God also revealed to Simeon the upheaval that would accompany, and follow Jesus’ coming on earth. As we know, the Temple was destroyed in AD 70, not long after Jesus’ death and ascension. Since that time the Jewish people (as well as many Christians) have been persecuted, exiled and even put to death for their faith. We long for peace on earth, but it has not been manifested here in the world of not-yet.” We are like Simeon in that we trust that we too will see Jesus and live in His fulfilled kingdom.
(Jesus said): Nothing is covered up that will not be uncovered, and nothing secret that will not become known. Therefore whatever you have said in the dark will be heard in the light, and what you have whispered behind closed doors will be proclaimed from the housetops. Luke 12:2-4 (NRSV)
When people prepare to move or to renovate their homes, there is a seemingly endless process of upheaval and mess that goes along with moving and/or renovating. The old things need to be torn down and done away with, while the new things must be put in place and made ready. Transitions are never painless or easy.
It’s not comfortable to throw out or do away with old structures or furniture or habits, but if we want to move on to an improved living space or a more positive existence, there’s old rubbish that needs to go away to make room for what’s clean and new and better. The pain and mess of renovation isn’t always pleasant, but it is at times necessary.
When we do that housecleaning sometimes we find some old and nasty things, like a half eaten dried up sandwich under the couch. It is said that cockroaches scatter when the lights are shined on them- they scurry back to their dark hideouts to avoid detection. Nasty things love to hide in the dark.
But when we shine the lights on everything and get out the cleaner, all the hidden nasties are out in the open. Revealing all the nastiness is only the first step in transformation and making things new. We don’t reveal the nasty things so that they can remain there. We reveal them so that they can be seen, acknowledged, and done away with. We welcome God-with-us in the world knowing that He will reveal all of the evil, injustice, pain and suffering and He will redeem it. (see Revelation 21:1-7)
Simeon knew that along with the joy and redemption of Jesus’ appearing that there would be sorrow, especially for His mother, who would endure the grief of watching her firstborn son dying an excruciating death on a cross.
In our lives we also experience joy as well as pain as we are being transformed and our world is awaiting the transition from the not-yet to the “it is fulfilled.”
Today we can relate to Simeon. We see that God is with us, and we know Him in the Person of Jesus, but we also know that the transformation and the fulfillment of God’s Kingdom is a work in progress.
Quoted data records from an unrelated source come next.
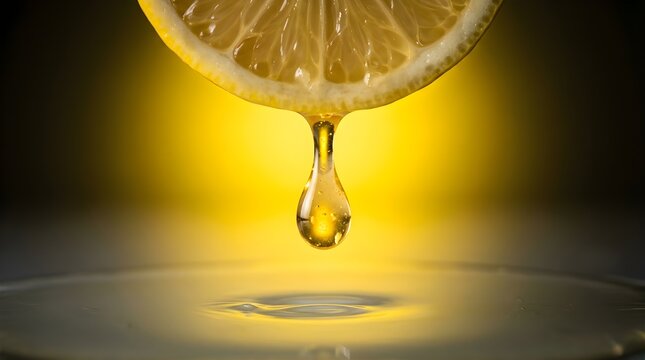 Fresh lemon slice with falling juice drop creating ripples in water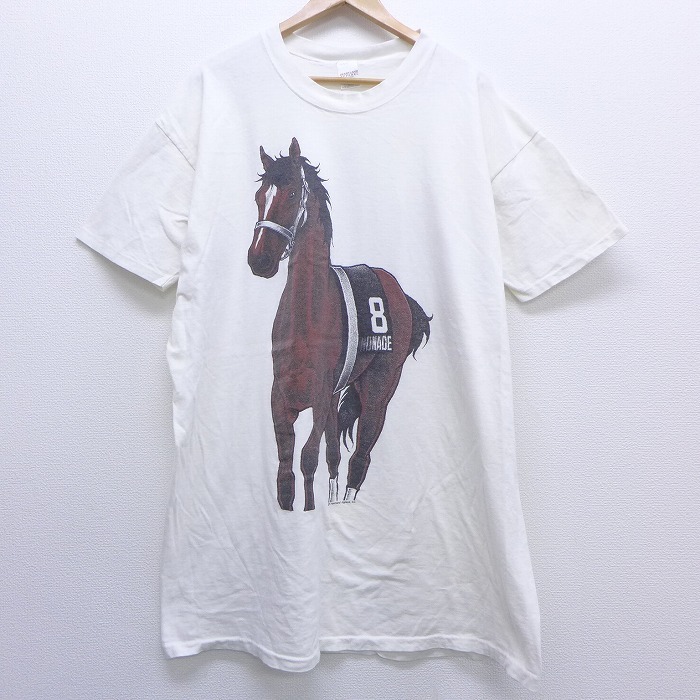 新作登場，お買い得 XL 古着 半袖 ビンテージ Tシャツ ワンピース 90年代 90s 馬 大きいサイズ コットン クルーネック USA製 白 ホワイト メンズ(イラスト、キャラクター)｜売買されたオークション情報、yahooの商品 XLサイズ以上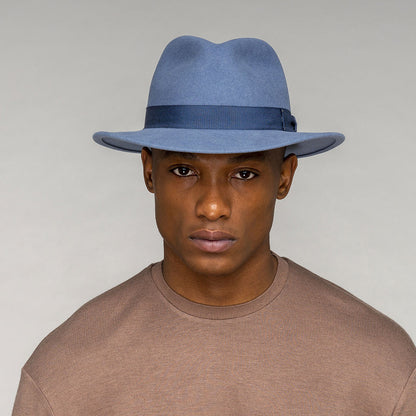 Sombrero Fedora Curtis plegable Repelente de agua de fieltro de lana de Bailey - Azul
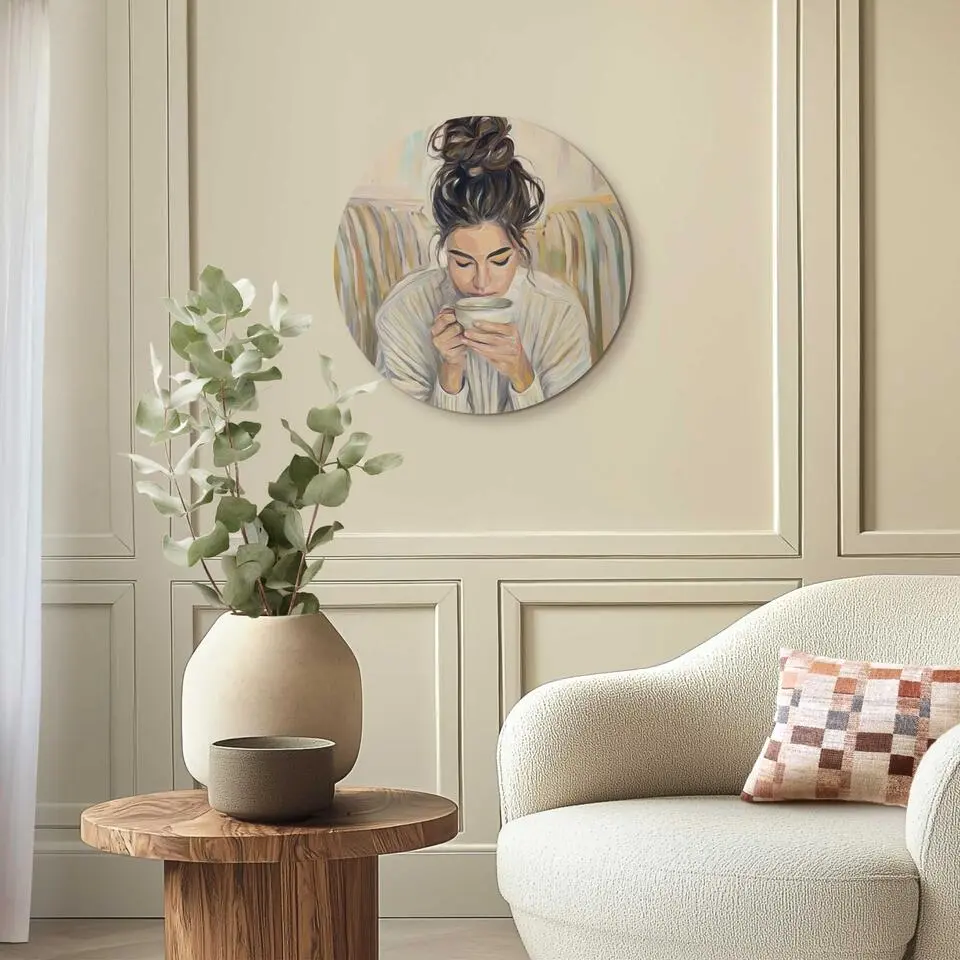 Glasschilderij Koffiepauze - &Oslash; 50 - Beige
For the creation waits in eager expectation for the children of God to be revealed. For the creation was subjected to frustration, not by its own choice, but by the will of the one who subjected it, in hope that the creation itself will be liberated from its bondage to decay and brought into the freedom and glory of the children of God.
We know that the whole creation has been groaning as in the pains of childbirth right up to the present time. Not only so, but we ourselves, who have the firstfruits of the Spirit, groan inwardly as we wait eagerly for our adoption to sonship, the redemption of our bodies. Romans 8:19-23 (NIV)
God is with us. He is here in the not-yet. He is here in and with and through the process of renovation and redemption.